Showing posts with label Autopia. Show all posts
Showing posts with label Autopia. Show all posts

Tuesday, June 28, 2011

Autopia Car Built Special for Freeway of Future

06.28.11 - Disney Legend Bob Gurr talks through the nuts and bolts of Disneyland's Autopia.


Hey, Abott-T-T! Christine Costello and Bud Abbott, Jr. give fathers Lou and Bud, Sr. a driving lesson on the Autopia Freeway. The famous comedy pair, recent visitors here, found the Autopia a top attraction as do most Disneyland guests.
For the Highway of the Future the Car of the Future was needed.

Disneyland's "Autopia," the Tomorrowland ride sponsored by the Richfield Oil Company, was planned as the Freeway of 1986. Built to scale so that it would be safe and practical for youngsters to a minimum age, Walt Disney assigned the job of designing a car for the miniature freeway to Bob Gurr, longtime Disney studio design artist and construction specialist.

"The Autopia Car," Bob relates, "was designed and built just about the same way a Detroit model is built.

Full Size Model
"First we made sketches. Naturally there were a lot of ideas about what the car of the future should look like. Then there was a question about materials, and we finally decided to use fiberglass, since it had great advantages in lightweight, strength and pliability for design.

After the sketches became finished drawings, the studio craftsmen made a full size clay "mock up" model. The model was modified a few times until Walt approved the final version. From this mock up the plastic mold was made which allowed the bodies for the cars to be built in quantity.

Glasspar Company of Newport Beach manufactured the bodies for the cars.

The problem of a chassis to carry the fiberglass bodies was then the next problem to be solved. Even on the Freeway of the Future, the designers knew, the cars would be subject to tremendous wear and would have to be extremely sturdy for the use they were to receive.

A two-inch square tubular steel chassis was developed and passed the rigid tests for strength the designers gave it. When aluminum wraparound bumpers were added, the car was ready for the road with only one problem remaining to be solved: the powerplant.

Same Type Engine
Several alternative types were tested until the Gladden engine was tried by Gurr and his co-workers.

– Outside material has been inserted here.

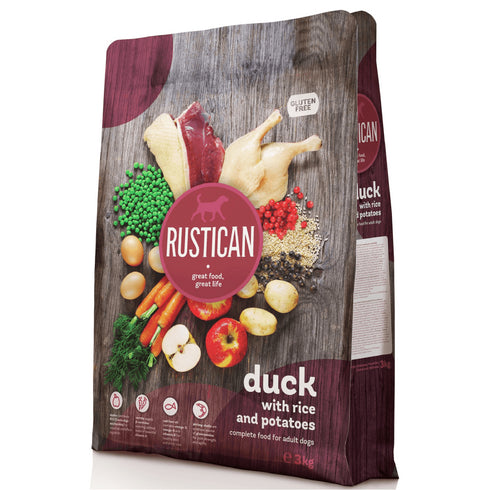 Hrana uscata pentru caini adulti Rustican Rata cu cartofi si orez 3kg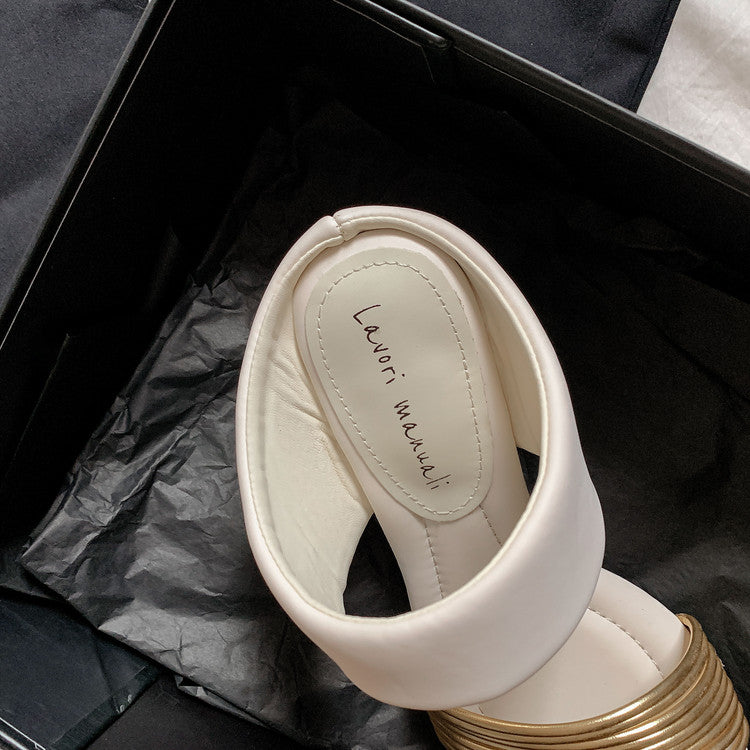 Karin Luna In Stock In Stock Minimalist Style Square-Toed Elegant Slippers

The Gladden is a one-cylinder, vertical, aircooled "L" head engine. It is essentially the same engine that powers the conventional passenger car in that it is a 4-cycle, gasoline burning powerplant. Its rated horsepower development is just under ten, and is capable of driving the one fourth ton Autopia Cars at a speed up to 25 m.p.h. without a governer.

As they are actually used on the Autopia, the cars are limited to 11 miles per hour by a mechanical control.

Power from the engine is transmitted to the rear axel by a Gilmer belt feeding to a link chain. One wheel drives the car. Since the engine is mounted in the rear very little power is lost through a long driveshaft.

Safety factors loomed as major considerations in the designer's plans. Since the cars were built to be driven by youngsters with no experience, an extremely simple braking-accelerating arrange-ment was necessary.

Gurr and his fellow craftsmen assured this by attaching both operations to a single pedal. De-pressing the pedal feeds gas to the motor. Release of the pedal operates the braking mechanism so that the car automatically slows to a stop.

Other safety factors offered in the "car of the future" include the so-called "deep-dish" steering wheel and safety belts, both items now offered on several popular makes of American motor cars. An additional safety factor on the Autopia car is the steering wheel itself, made of a firm, yet yielding rubber, so that a sudden contact presents no bodily hazard.

Steering of the Autopia Car is eonvential rack and pinion type with a close sports car-like ratio. Tires are pneumatic.

Since finishing his work on the cars Bob has gone on to many other projects for Walt Disney. But he's reminded constantly of his association with the Autopia by youngsters, who have been to Disneyland and have been inspired by the miniature autos.

"We get calls from kids who are building their own Autopia cars at home. They get stumped on a problem and call us for advice. So far no one's finished one yet, but anyday we expect to see a proud owner at the Studio gates with his own car, built in his back yard with scrap parts."

"We wish them a lot of luck," Bob adds as he goes back to his latest assignment for Walt.

From the February 10, 1956 issue of The Disneyland News.